My skin is burning where she touched me.
Suddenly I think about last night, when I didn’t ask Grace to stay.
Her eyes, all those things that went unsaid between us.
I have to push it down—there’s no other way.
Otherwise, I’d have to face the fact that I spend too many hours a day thinking about Emma, and I owe it to Grace to be honest with her.
But I know what that would mean. And I can’t do it.
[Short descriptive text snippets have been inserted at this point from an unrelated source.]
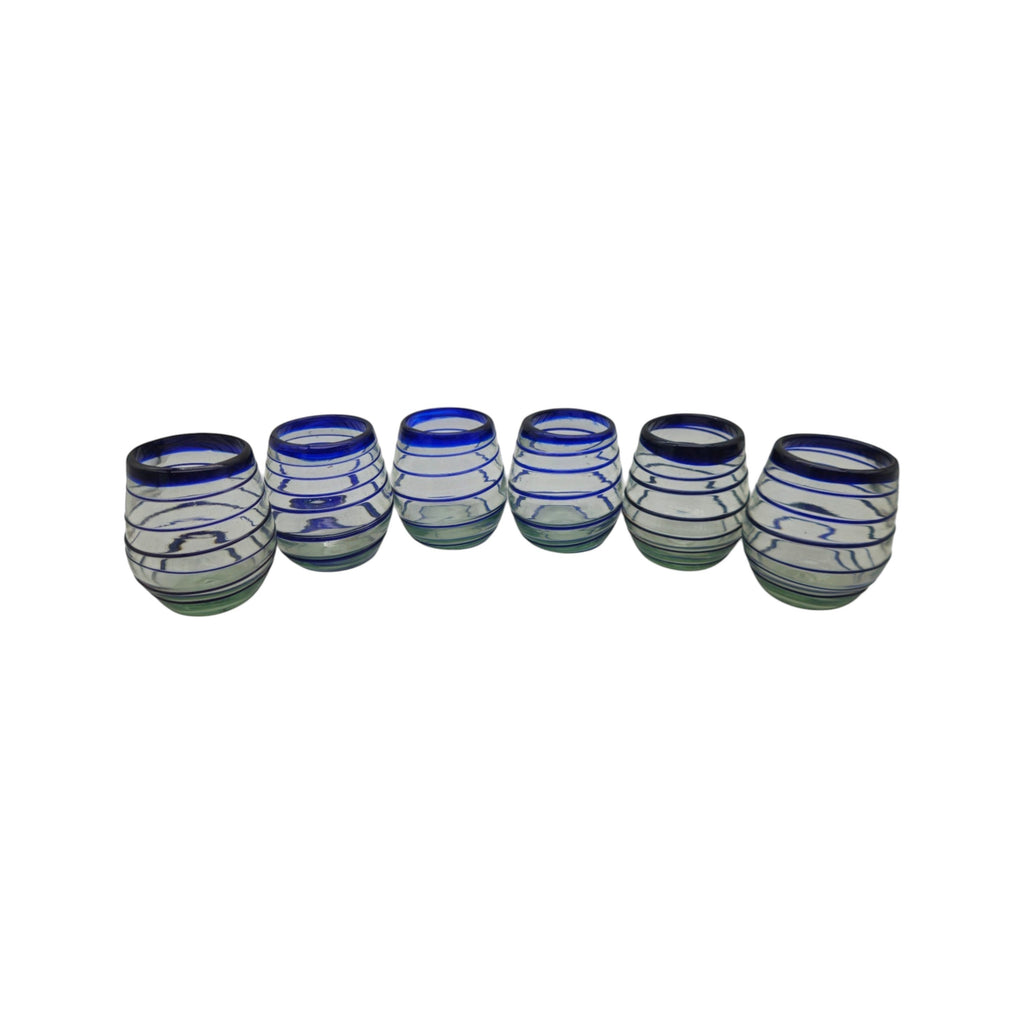 Hand-Blown Mexican Stemless Wine Glass | Cobalt Blue Spiral Design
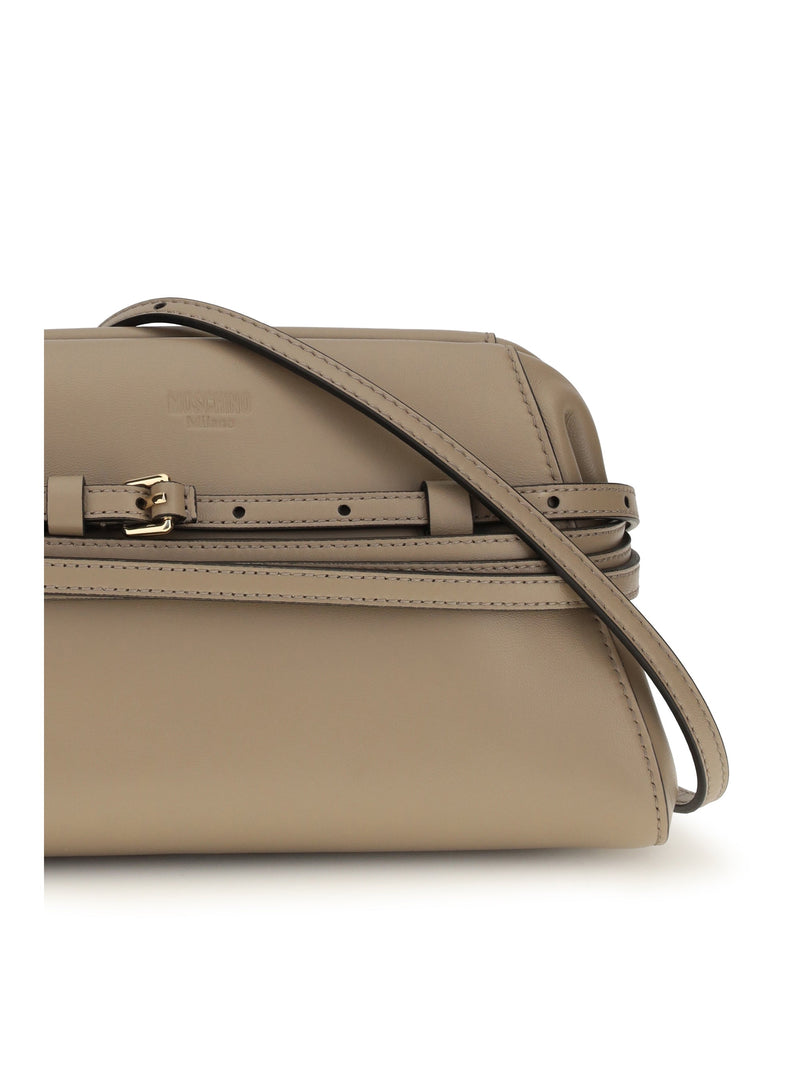 Moschino Belt-Detail Hircus Goatskin Clutch — Beige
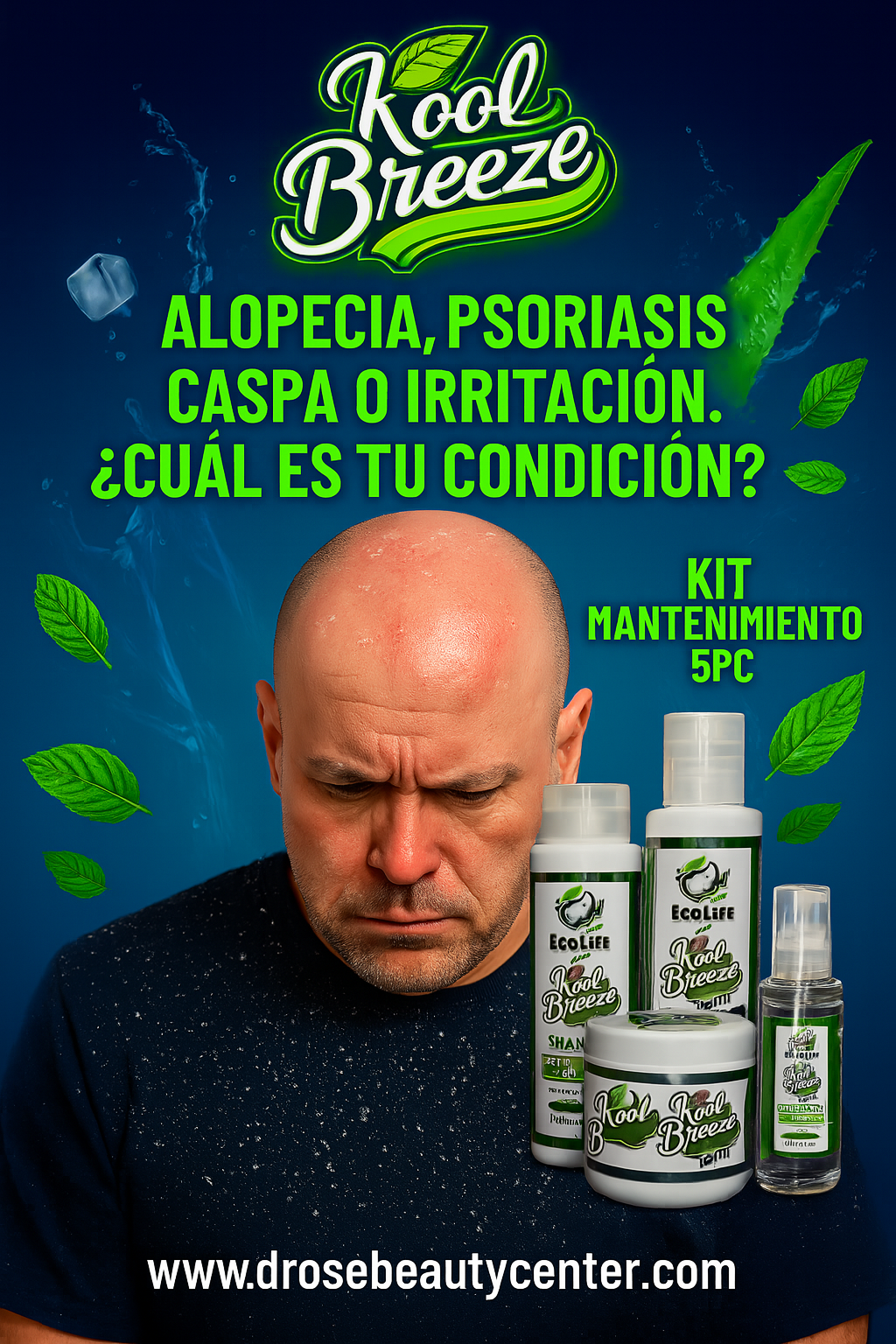 🌿 Ecolife Technologies – Kool Breeze Mint Kit de Mantenimiento 5pc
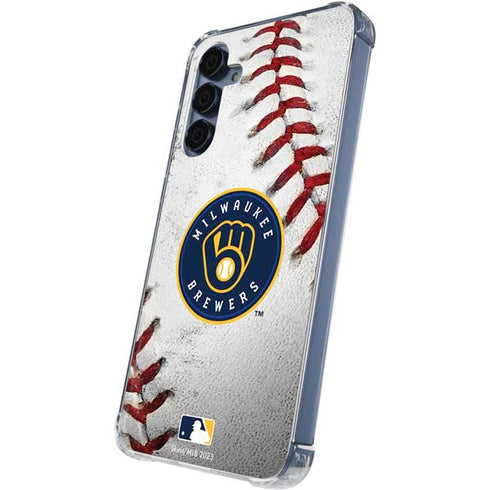 MLB Milwaukee Brewers Game Ball Galaxy A35 5G Clear Case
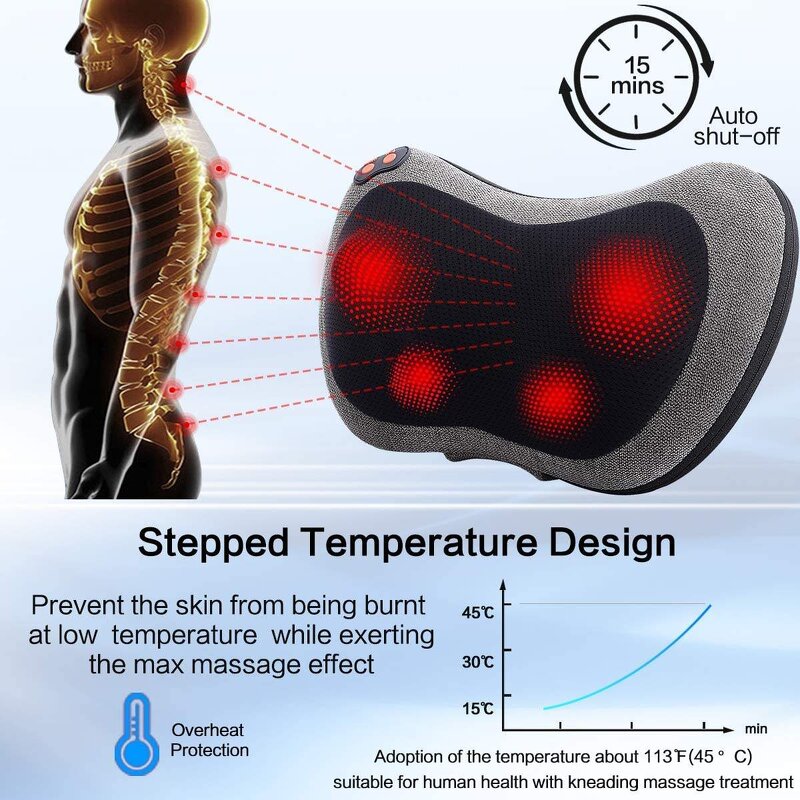 Shiatsu Massage Pillow - Electronic Kneading Heat Portable Back Neck Leg Tool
I can’t do that to her.
“Three more intervals and that’s enough for today,” Emma decides.
“Three more?” I banish those thoughts to the furthest corner of my brain. “You’re insane.”
“No, but we need to get into the anaerobic zone,” she explains as if she were the one doing A-level biology, not me.
At this moment, I twig that this is the thing she was born to do.
Study sports science at that specialist college in Germany.
And that I don’t want her to leave in a year’s time. I really don’t.
“I’ve been in the anaerobic zone for the last hour,” I say.
“I doubt that.” She glances at her running watch. “So, in fifteen seconds, back to full intensity.”
I groan, but what can I do? When Emma runs, I run.
“How . . .” I gasp as she relaxes the speed after a minute and a half, “. . . the hell can you be so fast?”